### Work required
Print exactly the lines that run from the one containing "Bing Króliczek Pociąg" to the final line of the data, both included, and print none of the pictures.

### Stored data
────────────────────

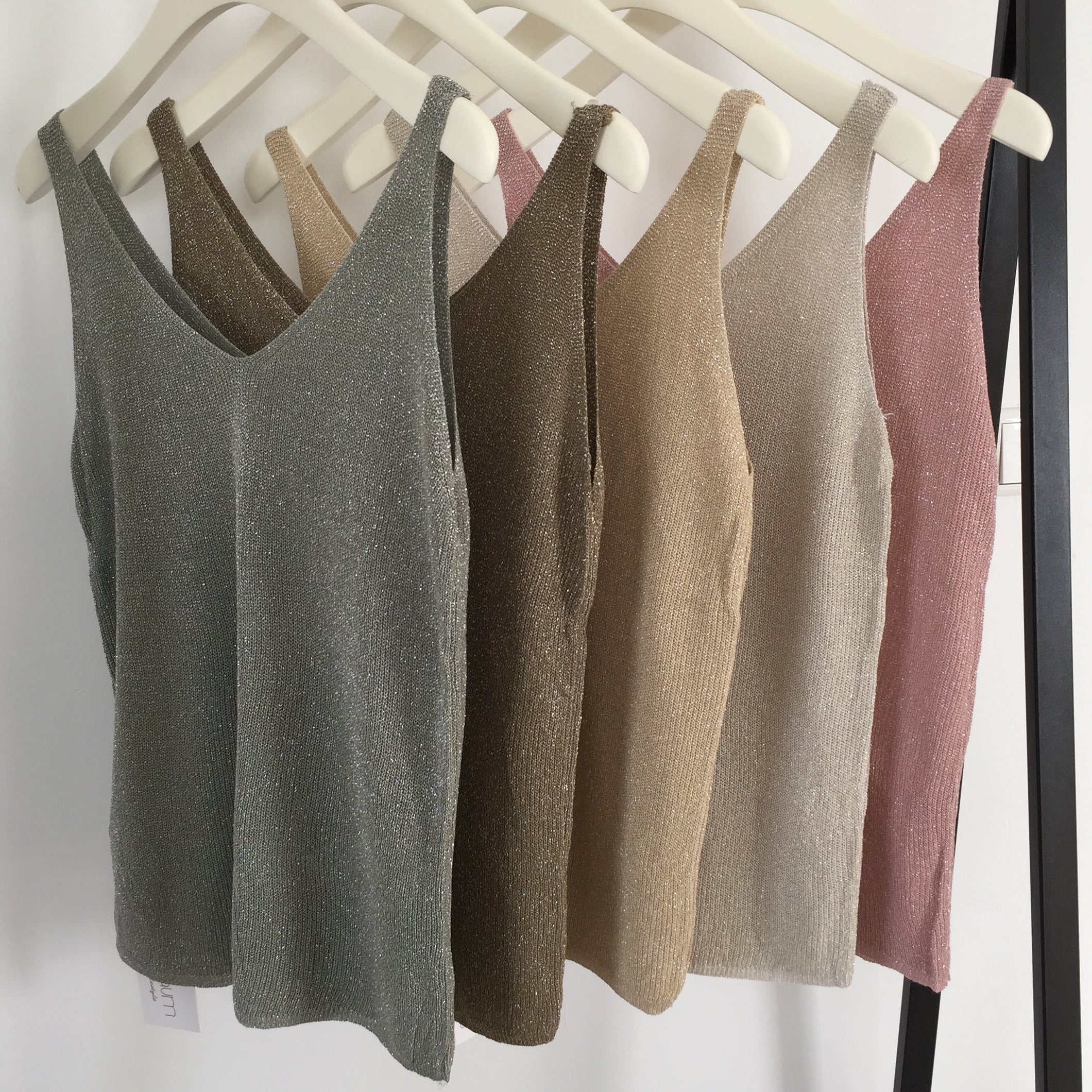 Loose Knit Top Glitter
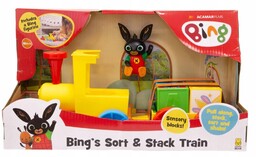 Bing Króliczek Pociąg Ciuchcia Klocki Sensoryczne Dżwięki Figurka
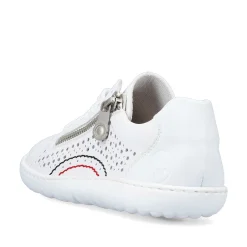 Rieker Women'S Laced Shoes Pearl White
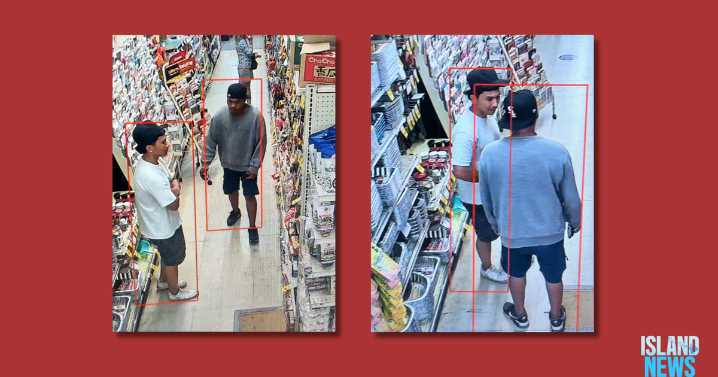 Hilo theft: Police seek help to find two men caught on camera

────────────────────

### Solved problem
 Bing Króliczek Pociąg Ciuchcia Klocki Sensoryczne Dżwięki Figurka
 Rieker Women'S Laced Shoes Pearl White
 Hilo theft: Police seek help to find two men caught on camera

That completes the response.